Task data
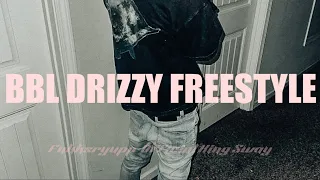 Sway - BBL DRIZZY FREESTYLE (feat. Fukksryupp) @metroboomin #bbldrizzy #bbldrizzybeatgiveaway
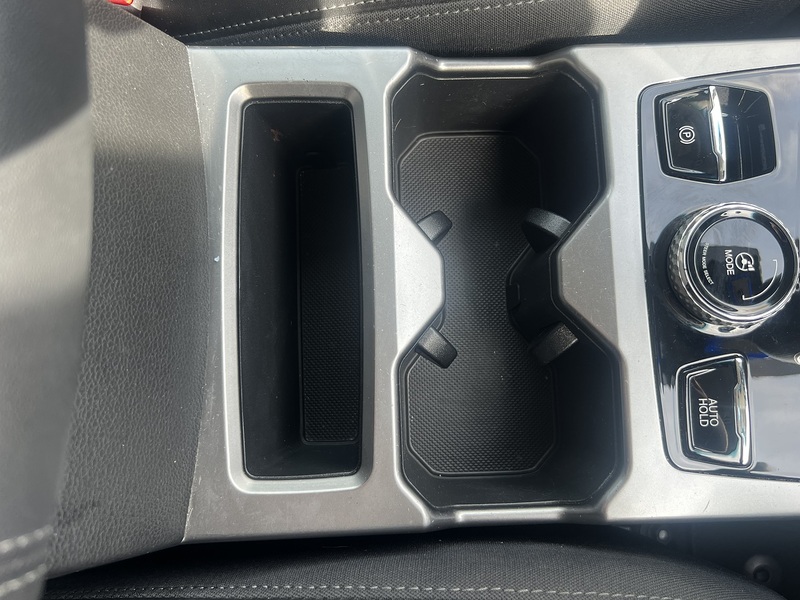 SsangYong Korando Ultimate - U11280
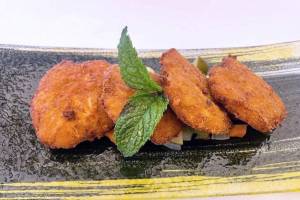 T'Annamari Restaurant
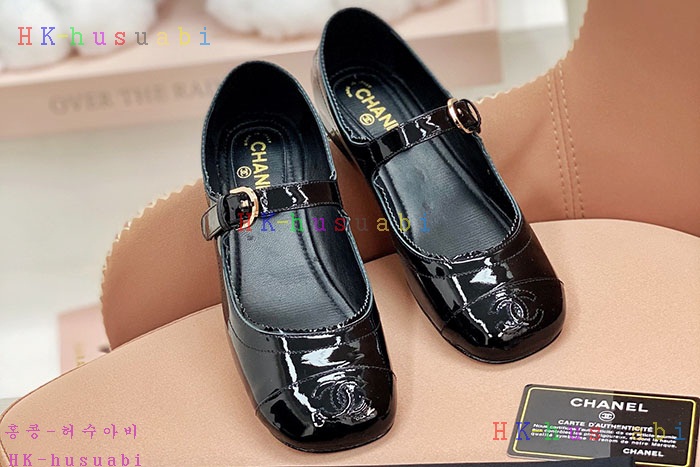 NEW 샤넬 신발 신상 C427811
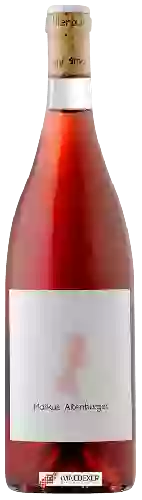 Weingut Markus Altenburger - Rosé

Problem
Your copy should hold exactly the lines from the one with "NEW 샤넬 신발 신상 C427811" through the end of the records, both included, and no pictures.

Solution
 NEW 샤넬 신발 신상 C427811
 Weingut Markus Altenburger - Rosé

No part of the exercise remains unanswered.